From the line containing "Cecina House |" through the last line of the entries below, print each line exactly. Pictures stay out.

Captioned web image data
BEGIN
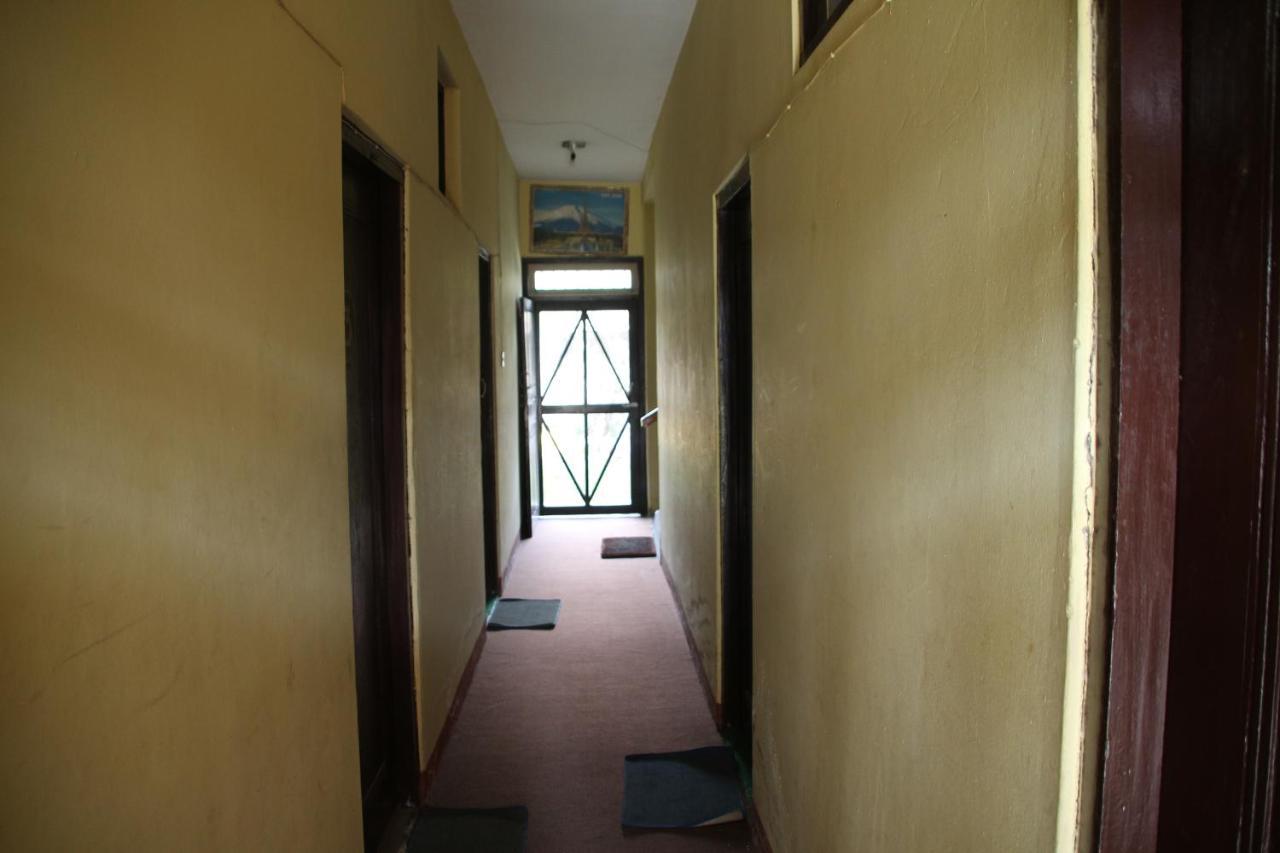 Geo Guest House Pokhara Exterior foto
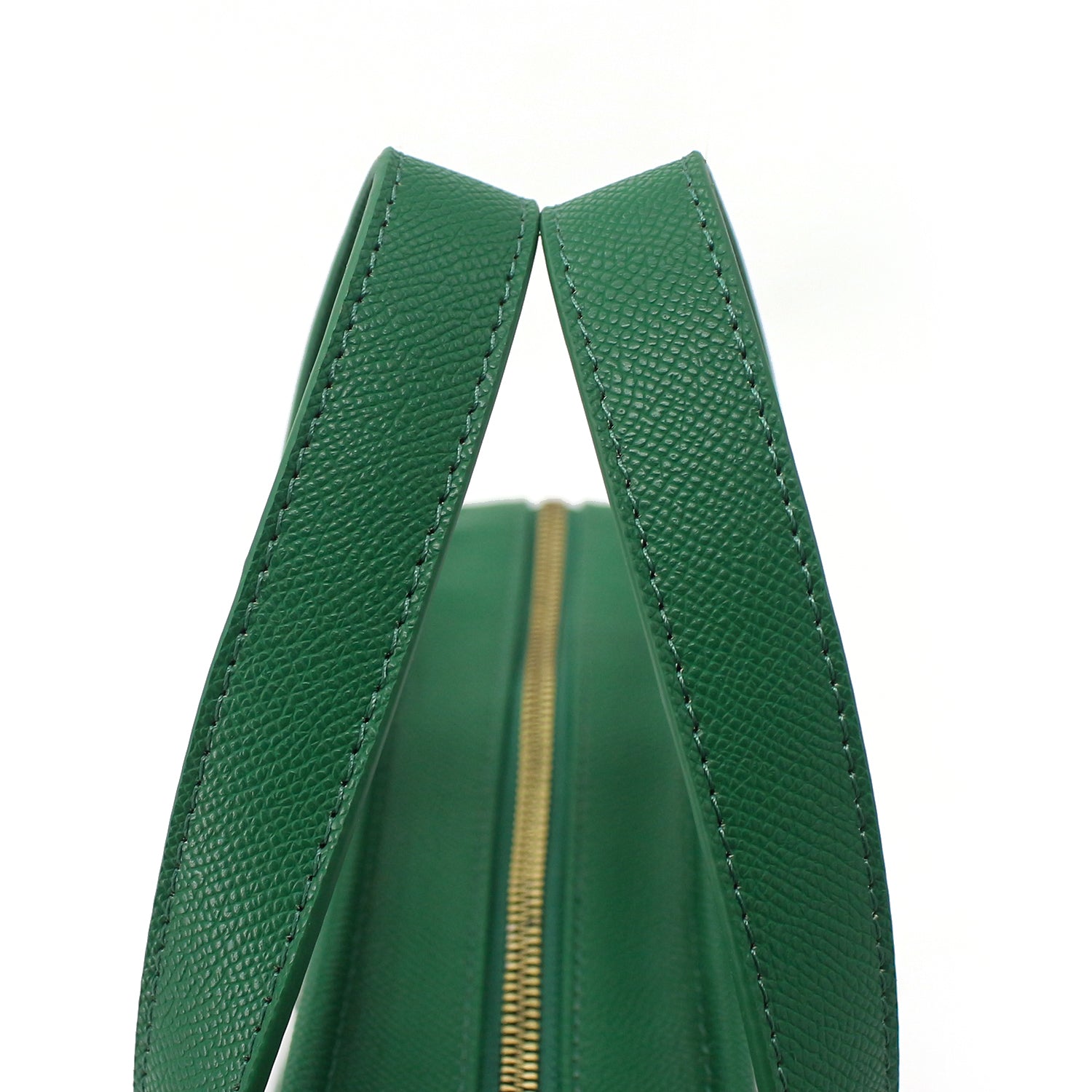 Lapolar Black and Green Street Bag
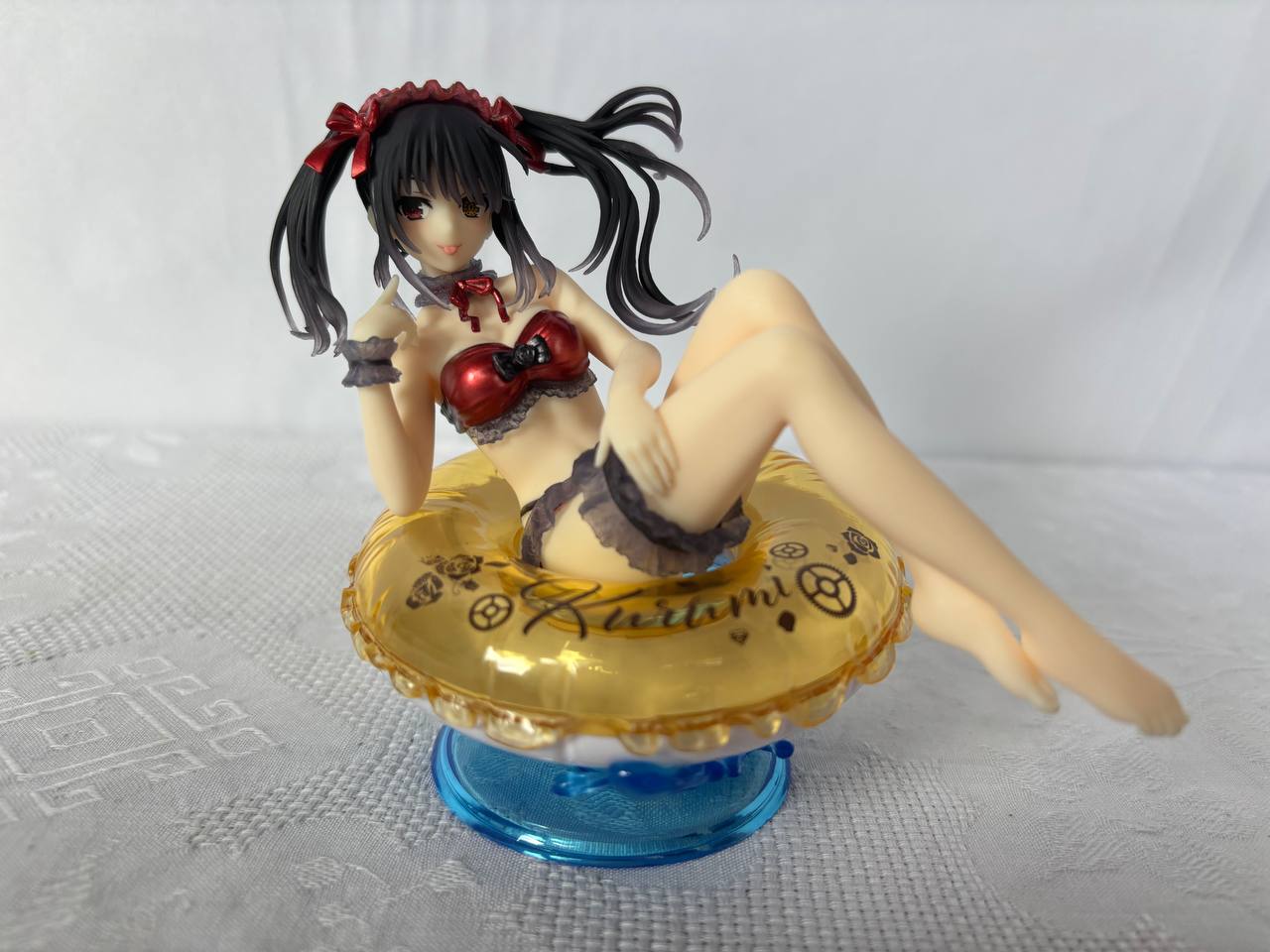 Date a Live Kurumi Action Figure Statue 10cm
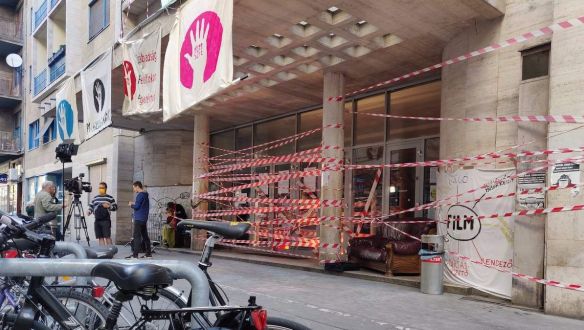 Sztrájkba kezdenek az SZFE hallgatói és oktatói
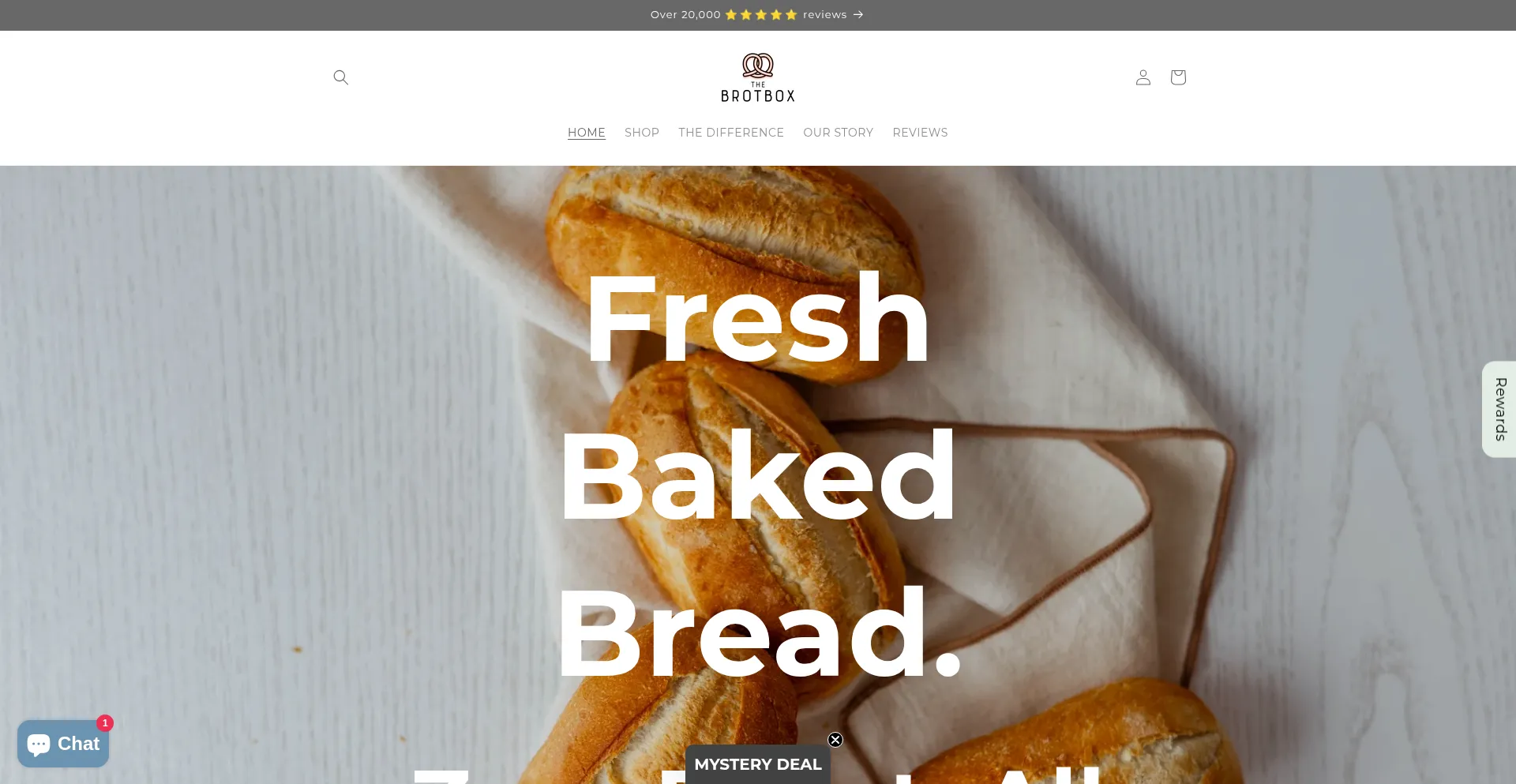 Thebrotbox.com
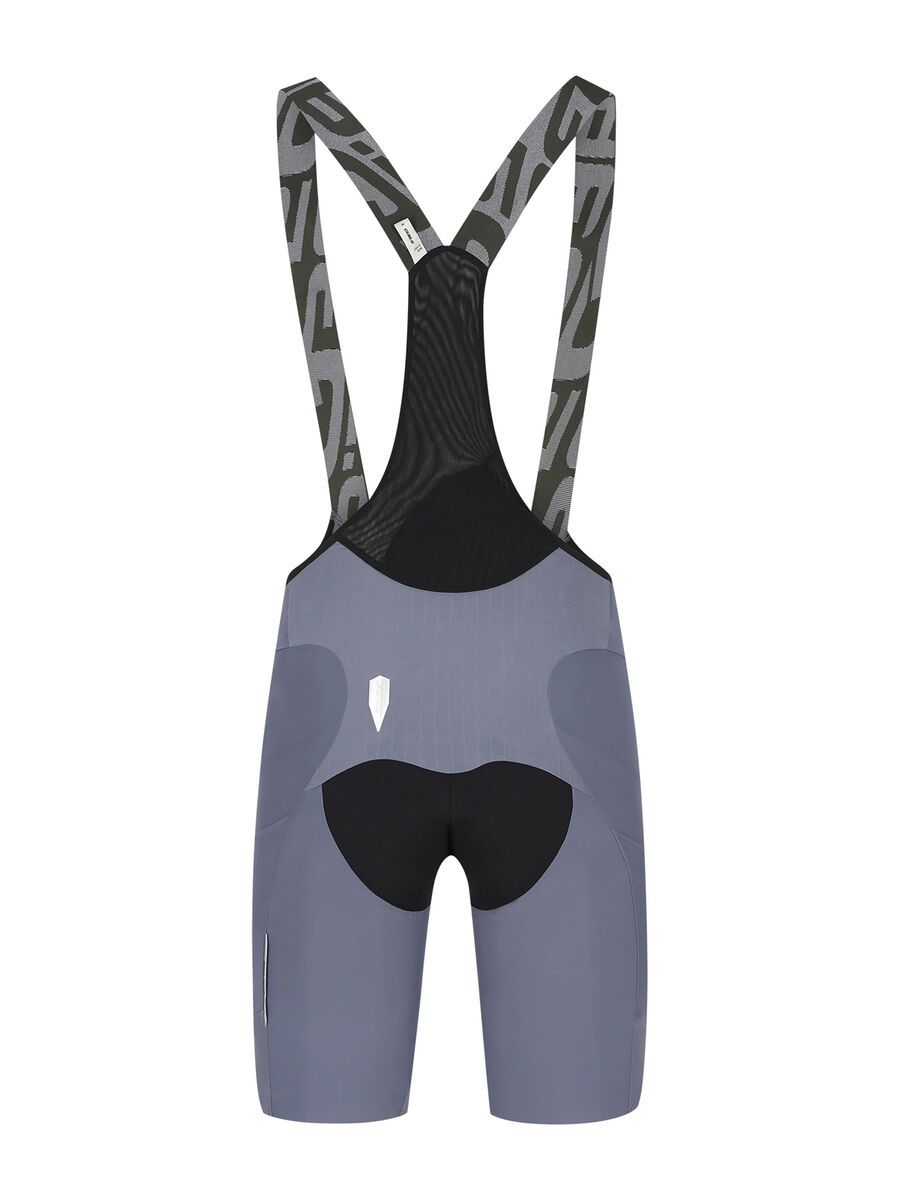 Q36.5 Adventure Cargo Bib Shorts 2025, gravel grey - Bild 2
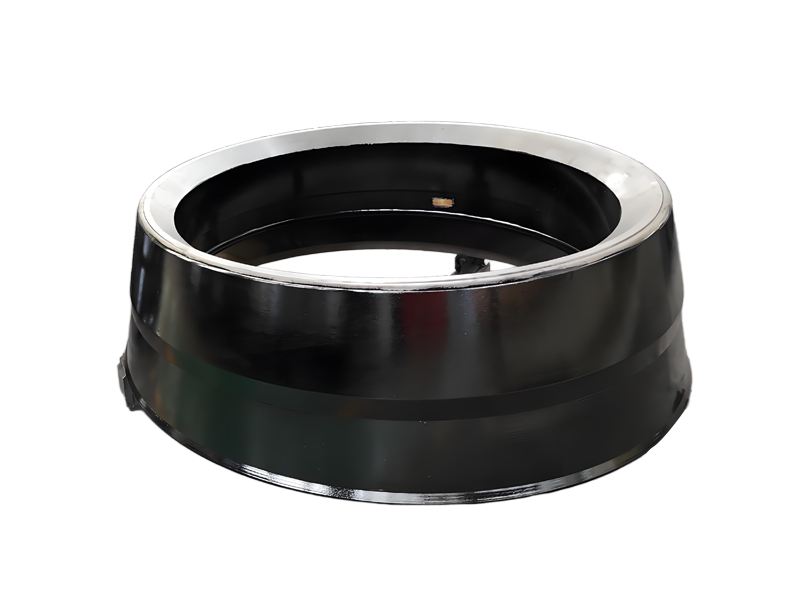 Cast steel roll sleeve for cement vertical mill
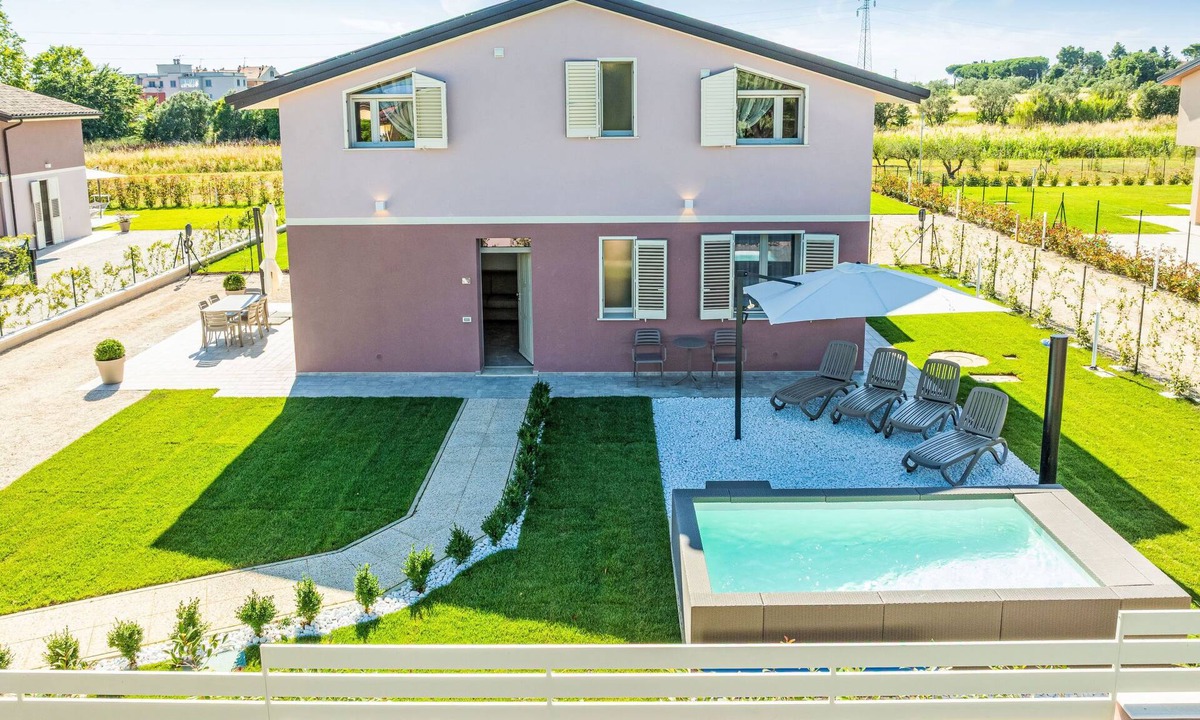 Cecina House | Borgo il Vallin delle Conche by Interhome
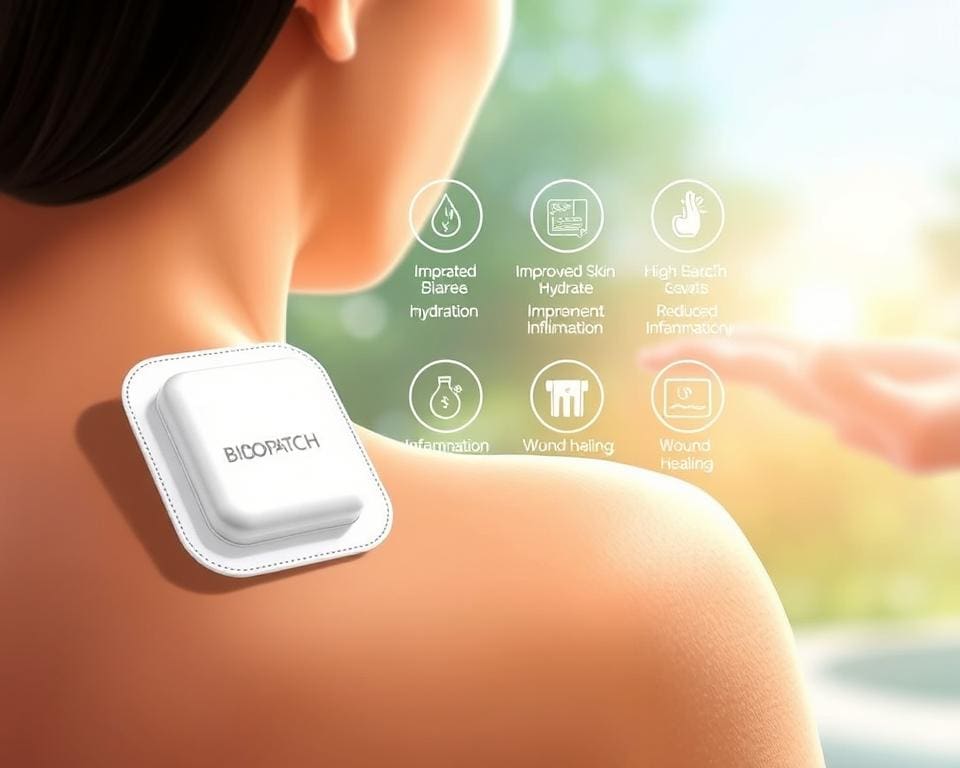 Welche Vorteile bietet ein BioPatch?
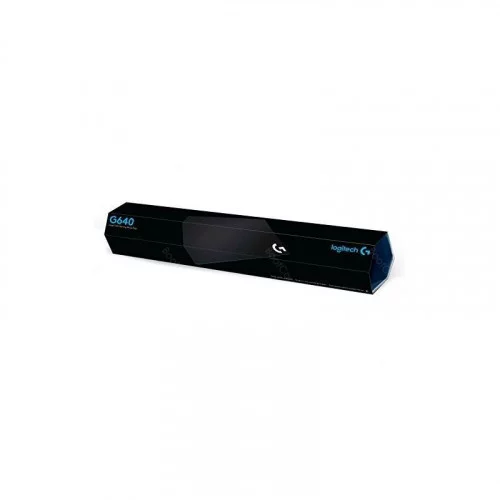 Игровой коврик Logitech G640 (943-000089) 460mm*400mm*3mm 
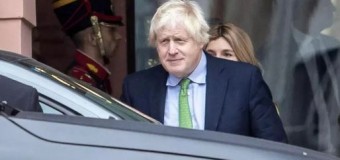 SOBERANÍA – Plutocracia | Milei recibió en la Casa Rosada al pirata inglés Boris Johnson.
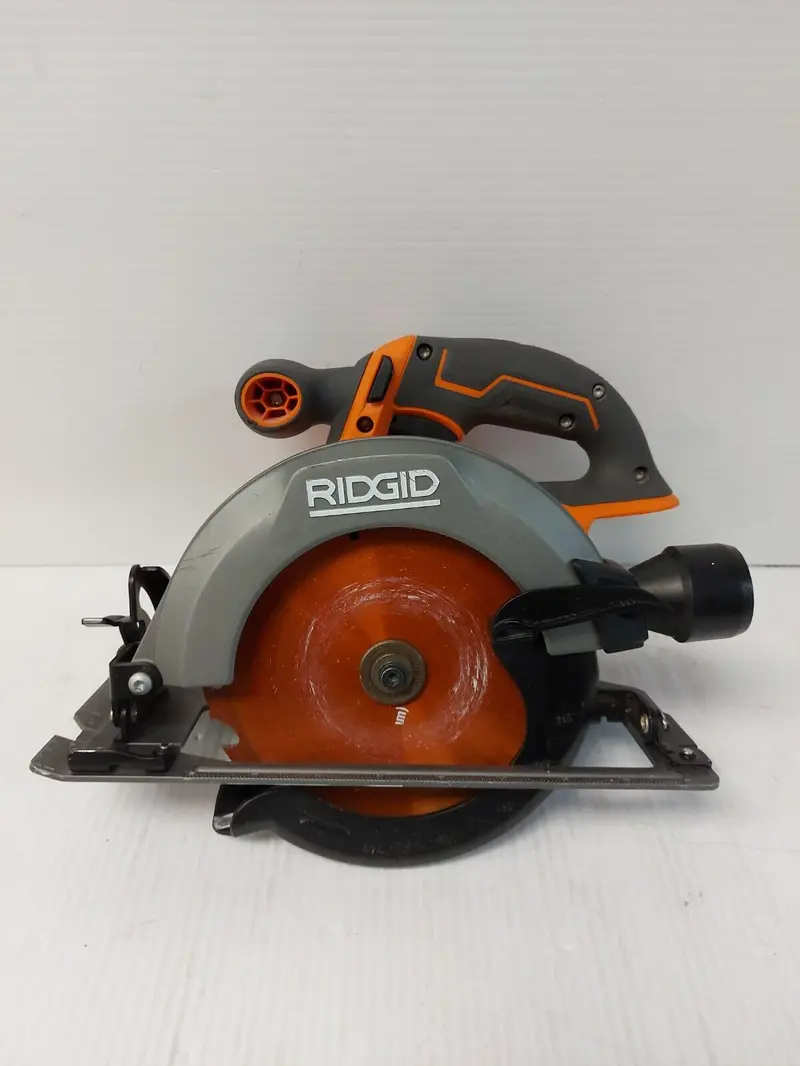 Ridgid R8665 15-Amp 7-1/4-Inch Circular Saw 1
END
__Output below__
 Cecina House | Borgo il Vallin delle Conche by Interhome
 Welche Vorteile bietet ein BioPatch?
 Игровой коврик Logitech G640 (943-000089) 460mm*400mm*3mm 
 SOBERANÍA – Plutocracia | Milei recibió en la Casa Rosada al pirata inglés Boris Johnson.
 Ridgid R8665 15-Amp 7-1/4-Inch Circular Saw 1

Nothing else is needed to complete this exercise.